La pronuncia del 19 marzo scorso si è originata da un ricorso di un privato cittadino che ha portato Google dinnanzi al giudice di primo grado di Tōkyō per ottenere dal motore di ricerca l’eliminazione di alcuni termini dalla sua funzione di completamento automatico, da lui considerata diffamante e lesiva della sua privacy.

Più precisamente, digitando le prime lettere del nome del ricorrente, veniva suggerito dal motore di ricerca il completamento del nome, associato però a crimini violenti cui il ricorrente è in realtà assolutamente estraneo. Pertanto, nel caso in esame, la funzione di completamento automatico consente al motore di ricerca di produrre un risultato di circa 10 mila pagine che fanno riferimento al ricorrente come all’autore di crimini violenti. Ciò si è tradotto concretamente in un notevole pregiudizio per il ricorrente che si è infatti visto più e più volte rifiutare il posto di lavoro proprio per questo motivo. In Giappone è infatti pratica molto comune che il settore privato effettui indagini molto approfondite (svolte spesso da professionisti del settore) sui canditati all’assunzione, per verificarne specialmente provenienza sociale e fedina penale, sulla base delle quali effettuerà la propria valutazione sull’opportunità o meno di assunzione.

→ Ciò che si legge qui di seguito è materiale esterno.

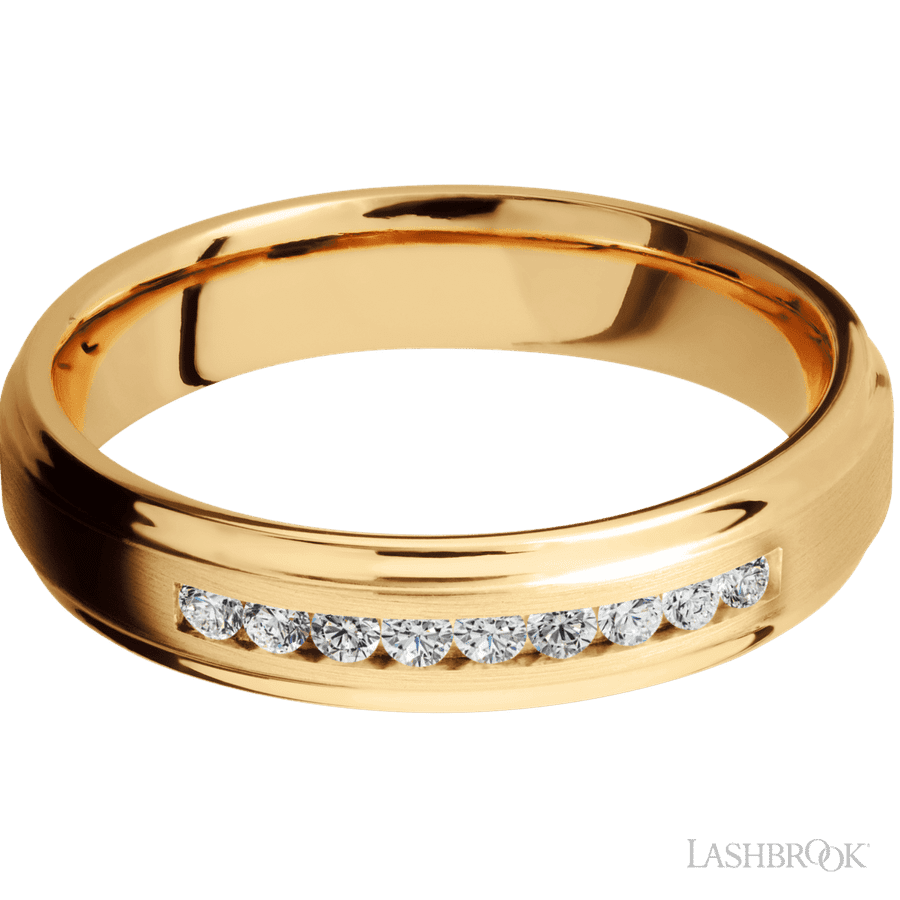 "5 mm wide/Flat Grooved Edges/14K Yellow Gold band with an  arrangement of 9, .03 carat Round Diamond stones in a Channel setting."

Il ricorso in tribunale è avvenuto però solo a seguito di una fallita intesa con Google. In prima battuta, infatti, il ricorrente si era rivolto direttamente a Google, facendogli richiesta di rimuovere alcune parole dal completamento automatico associato al suo nome. A tale richiesta Google ha però risposto negativamente, poggiandosi sul fatto che le parole suggerite sono scelte non intenzionalmente ma meccanicamente e che conseguentemente non è possibile parlare di violazione della privacy.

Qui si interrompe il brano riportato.